I hope that you come out of this feeling much stronger and more confident in trusting your gut instinct. Use it to establish kind but really, really firm boundaries.

Daftodil · 24/01/2020 10:15

@CecilyP

In addition to this, your neices mum did not know that her 12 yo DD would be babysitting your 5 month old baby. If it is that acceptable in their world, it would have been discussed! Your MIL is both demanding and deceitful.

She is not that lonely; she has pals to go to the cinema with, a DD nearby, a 12 yo GDD (generally much better company than a baby!). She obviously wasn't enjoying your baby enough to stay in with her! You could have all visited as a family and provided much more company.

Exactly this! 👆

GertrudeKerfuffle · 24/01/2020 10:15

MIL is feeling lonely all the time but buggers off out with her friends when she's meant to be looking after your DD Confused

She's acted in a very manipulative way, please don't cave into this again. Show your DH this thread, he needs to take this seriously and stop minimising it.

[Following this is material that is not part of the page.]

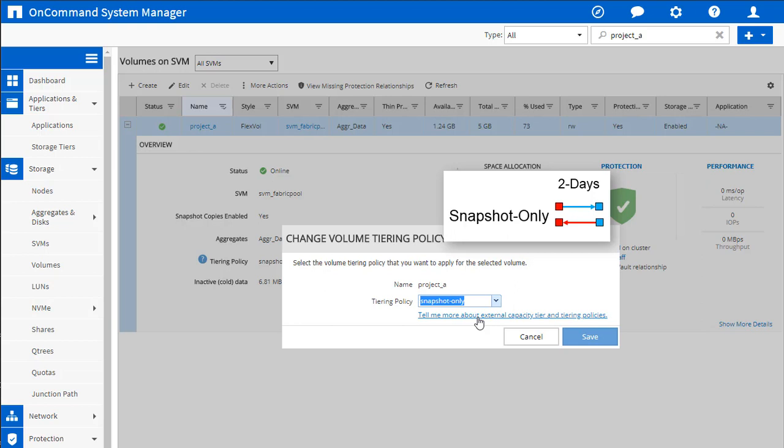What we do then is move off the cold snapshots over to the object store. When those cold blocks are read again, so say you do a snap restore or something else where you're going to touch those cold blocks, we're going to read those blocks, we're going to serve them up to the client, and we're going to write them back to the SSD. So any additional reads that come in are going to be ultra fast because they're going to be on flash at that point.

messolini9 · 24/01/2020 10:15

Show your DH and sil this thread, then they will know you are definitely not being over the top!

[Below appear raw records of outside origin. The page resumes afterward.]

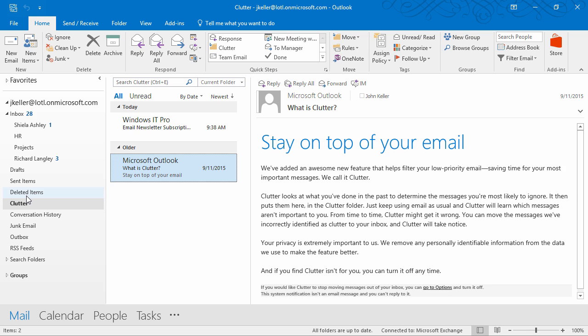Messages from certain people will never be identified as clutter. For example, messages from you, anyone in your management chain, as well as your direct reports.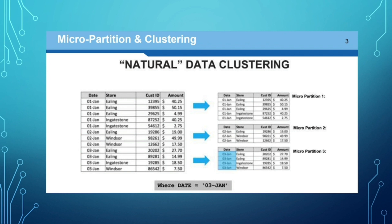Clustering is fast. In this table, we have a date-wise cluster. January 1st date is one micro partition. January 2nd date is one micro partition. January 3rd date is one micro partition.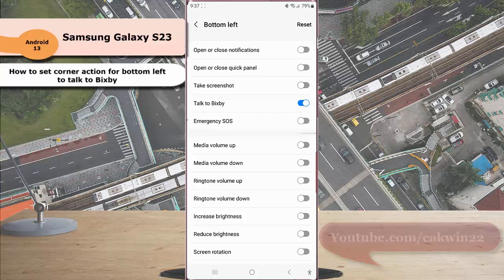Once you enable this option, the next time when you are connecting a mouse with your phone, you can easily start talking to Bixby by hovering and stopping your mouse pointer on the bottom left corner of the screen.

I have always been firmly in the camp of "ffs no do NOT show your thread to the RL eejits you are posting about!" - but in this instance @Crazyoldmaurice I think you are right.

DH - if you are reading this - your mother is a dangerous, selfish, meddling old trout. If you don't now support your wife 100% in how she wants to handle the situation, you are likely to lose her.

SiL - I am sorry you are burdened with such a nasty old trout for a mother. Please team up with your SiL to prevent her from indoctrinating & engangerinig your own children with her controlling toxicity.

BernadetteRostankowskiWolowitz · 24/01/2020 10:17

Well at least no one can say that you didn't at least try to facilitate MILs requests. She is the one who then chose to fuck it up.

messolini9 · 24/01/2020 10:17

If DH and SIL are thinking it's not that bad, what kind of crazy stuff did their mother do when they were growing up!?

Oh, I hear you @SomeLikeItTepid - this is the tip of a hideous iceberg, reckon.

MabelCloth · 24/01/2020 10:18

got tired of her asking and asking and finally agreed

I do not understand this. No matter how much she went on.

A breast fed baby FFS.

Where was your DH in all this? All along? from the nagging to the worrying when MIL did not answer the phone to the communication with SIL, his sister!

The whole situation sounds bizarre. I can’t imagine anyone booking a hotel to enable a gp to have a child ‘alone’. Surely what is usual is that you might stay the weekend with grandparents but go out for an evening or lunch while they babysit.

Do not drive your baby around in 4 hour drives just so another adult can have them like a toy. She is not a toy for everyone to have a turn with.

YANBU in your reaction but your boundaries are very off.

You need to learn to act in your Ds’s best interests.